釋宗演禅師のこころシリーズ〔16〕
(出典:書き下ろし)
達磨大師が印度から中国に伝えた仏教は、やがて「禅」と呼ばれるようになりました。そして、そのまたの名を「仏心宗」とも言います。それは、禅の教えの要が「仏心」に目覚めることを目的としているからです。
「仏心」は大乗経典の『涅槃経』に「一切衆生悉有仏性」とあるように、すべての生きとし生けるものに本来具わっている仏としての心を表わしています。
また、「仏心」「仏性」には「自性清浄心」「光り輝く心」という同体異名もあります。「私たちの心は本来清らかなものである」という仏教の思想は原始仏典の『増支部経典』の中にも見ることができます。
比丘よ、この心は光り輝くものである。しかしそれは偶然的な煩悩によって汚されている。……
そして、その光り輝く心は、偶然的な煩悩から離脱している。……
一体、「仏心」とはどのような心なのでしょうか。釋宗演禅師は『菜根譚講話』の中で「仏心」を次のように表現されました。
本来の心体は、日月の玲瓏(れいろう)として光り輝けるが如く、まことに明らかなるものであるが、それが雑念妄想のために本来の光を覆い隠されて終わっている。若し本来の光を失わず、それに一点の曇りがなかったならば、暗黒の窟中に在っても、青天白日の中に居るのと同じである。
私たちの本来の心体、つまり「仏心」は、太陽が光り輝くどこまでも澄み渡った青空のようなものだというのです。けれども、澄みきった青空も時として雲に覆われ嵐となることだってあるはずです。
私たちの心には、常に様々な思いが雲のようにたなびいては消えていきます。ところが、ある思いに囚われ続ければ、やがて思いは心を埋め尽くします。青空が暗雲に覆われてついには台風となって荒れ狂うように、心は激しくかき乱されてしまうのです。
そんな時、真っ暗な嵐の世界の中に在っても、台風の目と呼ばれる雲一つない無風状態の穏やかな世界が必ずあるということを思い出してください。私たちの本来の心は光り輝く青空として常にそこにあります。
たとえどれほど大きな台風に巻き込まれても、常に自分が台風の中心にいるとしたらどうでしょうか……。

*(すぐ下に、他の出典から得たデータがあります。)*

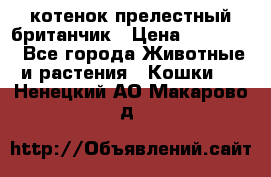 котенок прелестный британчик › Цена ­ 12 000 - Все города Животные и растения » Кошки   . Ненецкий АО,Макарово д.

心がかき乱されてしまった時には、そっと静かに自分の心の中心に意識を向けてみましょう。そこにはいつであっても不動の光り輝く心があるはずです。
そこは、思慮分別を離れた世界、何の思いも言葉さえも無い清らかで静かな場所です。
その光り輝く心にいつも気付いていることができたなら、たとえどの様な心の状態であったとしても、私たちは本来の心である「仏心」と一つになって生きているのではないでしょうか。